### [Records for the task]
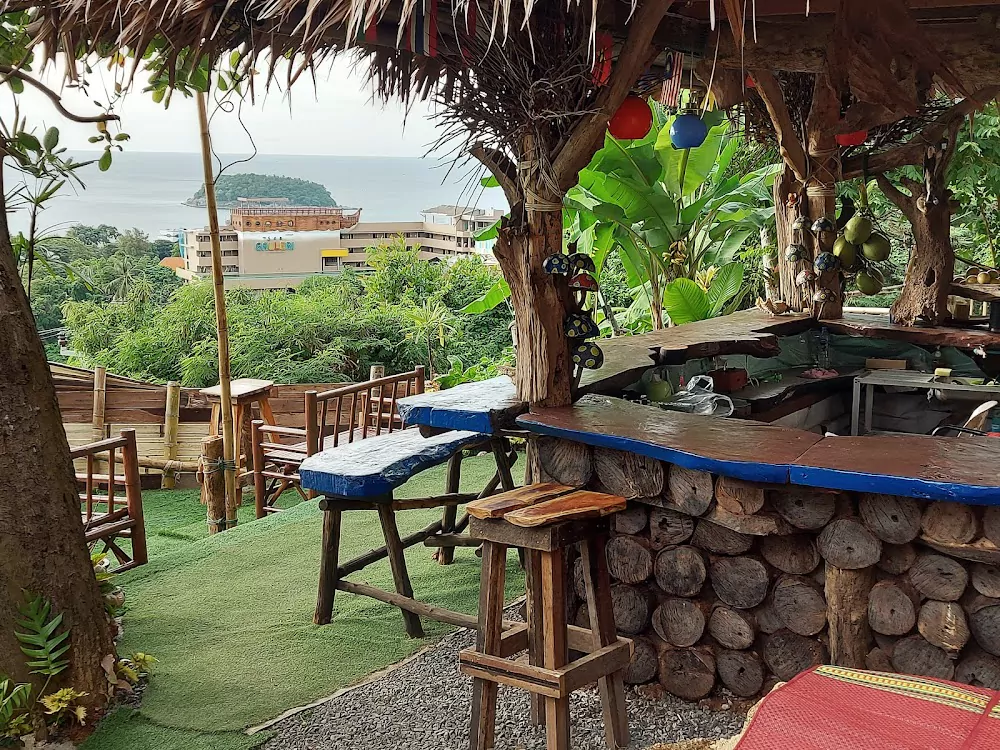 Ката, Black Pearl Art & Bar маршрут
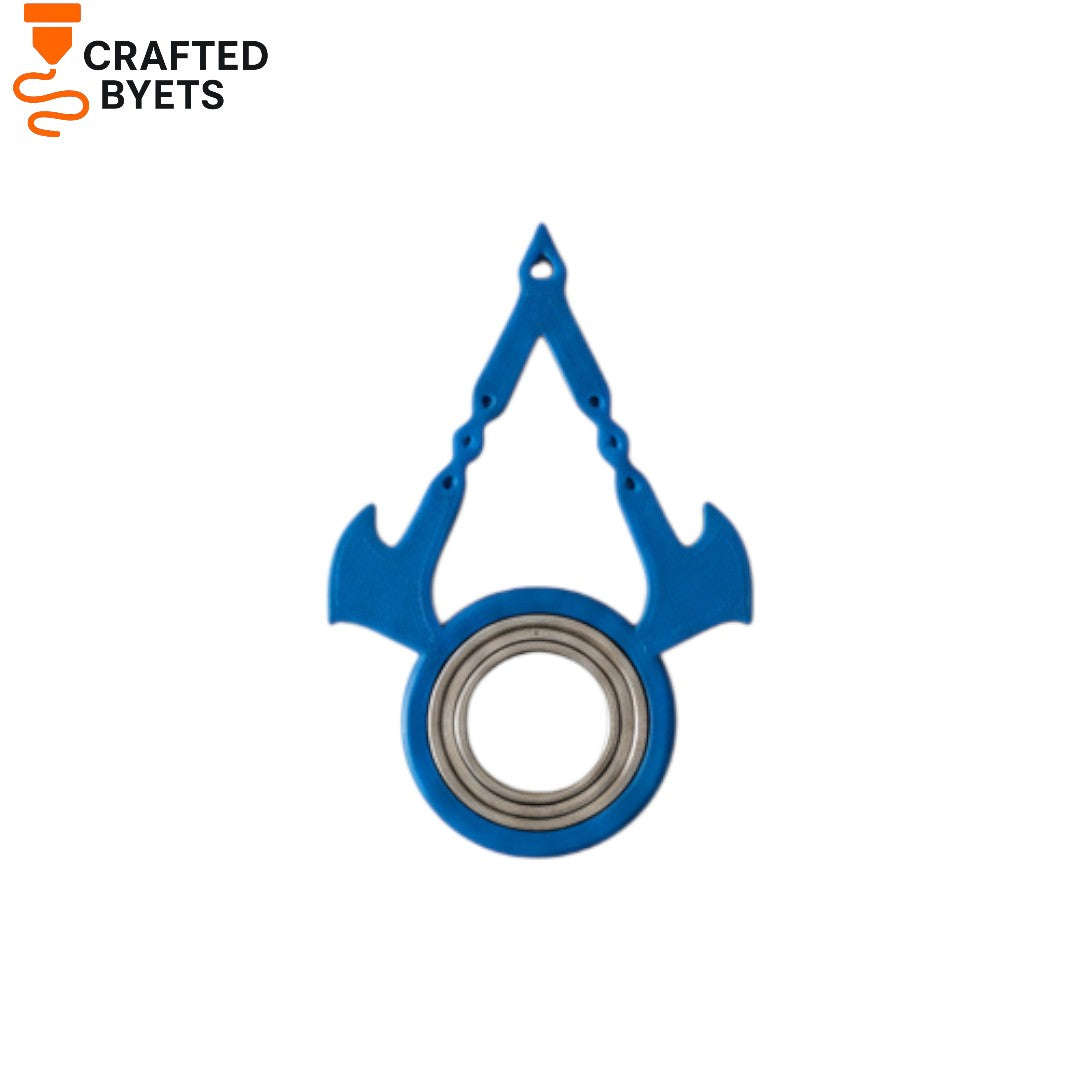 Assassin Creed Valhalla Keychain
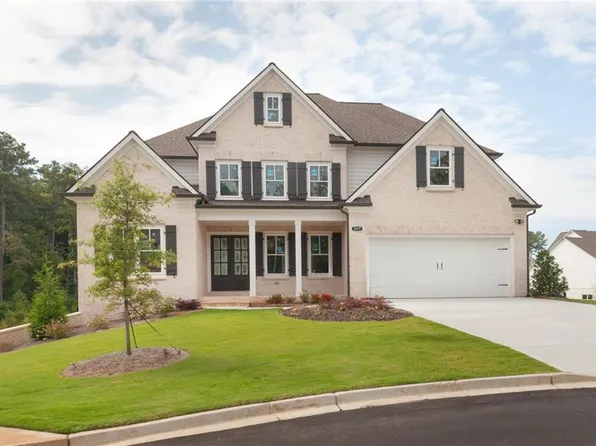 1077 Sweet Mia Ln, Powder Springs, GA 30127
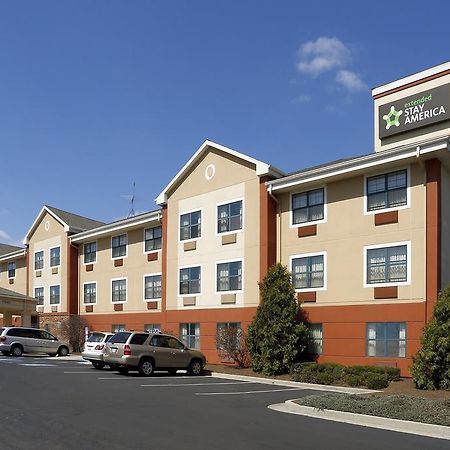 Extended Stay America Suites - Indianapolis - Castleton Kültér fotó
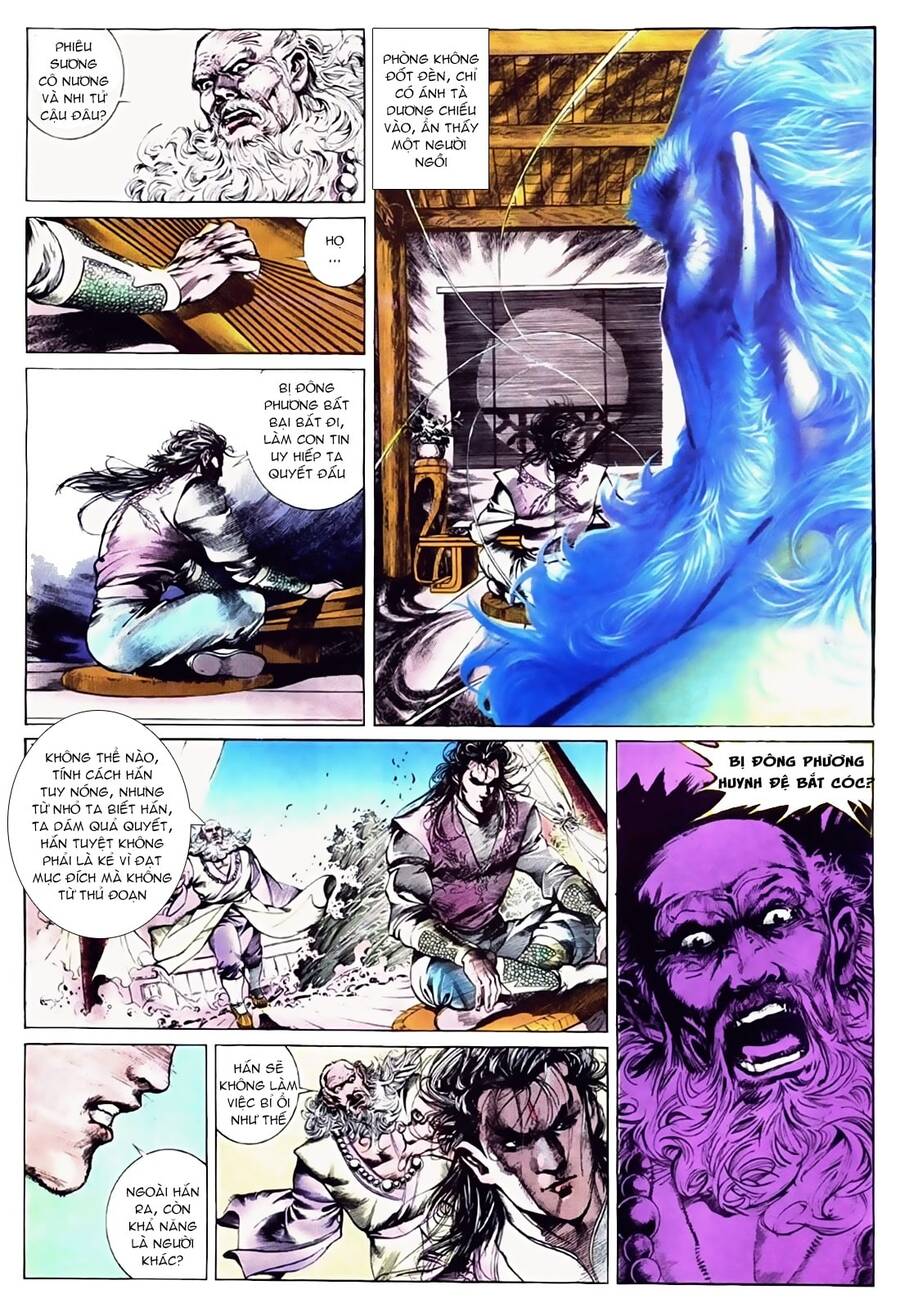 Đông Phương Bất Bại Chapter 25 - Trang 2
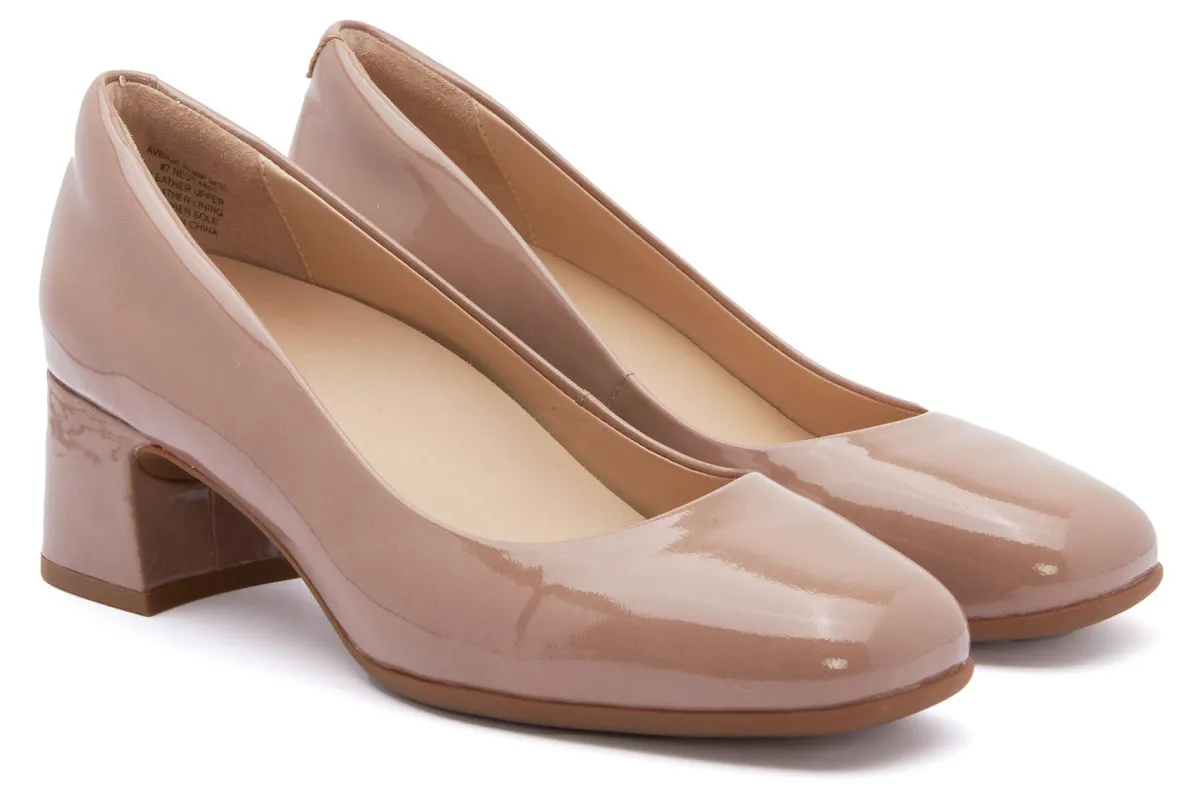 ABEO Avenue Pump-Women Standard | Service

### [What you have to do]
Your answer must be the lines from the one containing "Extended Stay America" through the final line of the entries, duplicated exactly, with both ends kept and all pictures left out.

### [Your solution]
 Extended Stay America Suites - Indianapolis - Castleton Kültér fotó
 Đông Phương Bất Bại Chapter 25 - Trang 2
 ABEO Avenue Pump-Women Standard | Service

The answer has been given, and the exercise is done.